Parlons des femmes parlementaires. Est-ce que quand on entend toutes ces prouesses réalisées par le Bénin à l’international en matière de diplomatie parlementaire, on a des femmes qui sont de plus en plus introduites dans ces instances-là ?
Oui bien sûr. Je vous ai rappelé tout à l’heure l’honorable Mariama Baba Moussa qui est membre du bureau du réseau des femmes parlementaires de l’Uip. C’est à notre actif.
Il y a-t-il des parlements sous- régionaux qui viennent chez nous pour suivre un peu ce qui s’y fait ?
Bien sûr.
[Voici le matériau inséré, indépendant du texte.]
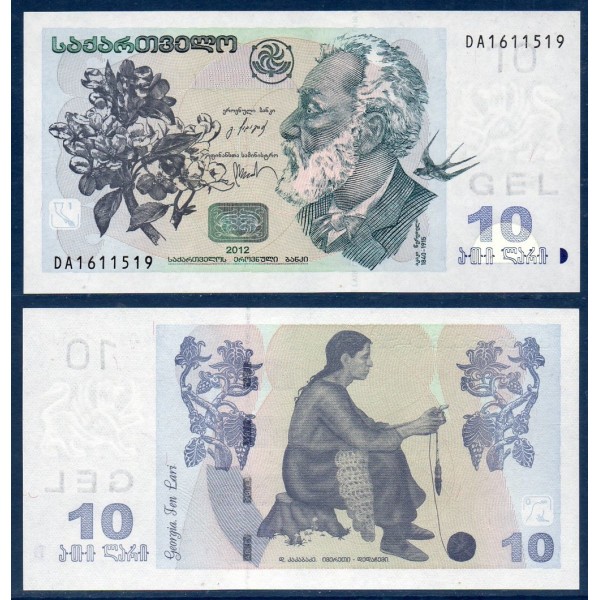 Georgie Pick N°71d, neuf Billet de banque de 10 Laris 2012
À l’entame de la 8ème législature, nous avons réussi à avoir avec nous le président de la République de l’Inde en mai 2019. Nous avons reçu également le vice-président du Parti communiste chinois qui est venu à la tête d’une forte délégation au Bénin. Nous avons accueilli des sénateurs français, des députés autrichiens, des députés allemands pour ne citer que ceux-là. C’est pour vous dire qu’en réalité le Parlement béninois a quand même une crédibilité aujourd’hui sur le plan international.
Quel est votre mot de fin
Ce que je voudrais dire pour conclure c’est qu’il faudrait que nous croyions aujourd’hui en l’existence d’une diplomatie parlementaire. Il faudrait aussi comprendre que la diplomatie parlementaire n’est pas en concurrence avec la diplomatie classique. C’est juste des liens de complémentarité parce qu’il y a même des domaines que la diplomatie classique n’arrive pas encore à explorer mais que la diplomatie parlementaire explore. Je crois qu’il faudrait qu’on aille vers le développement de ce lien de complémentarité. Car vous savez l’action diplomatique doit être une action une et indivisible. D’où l’idée d’une complémentarité entre la diplomatie classique et la diplomatie parlementaire.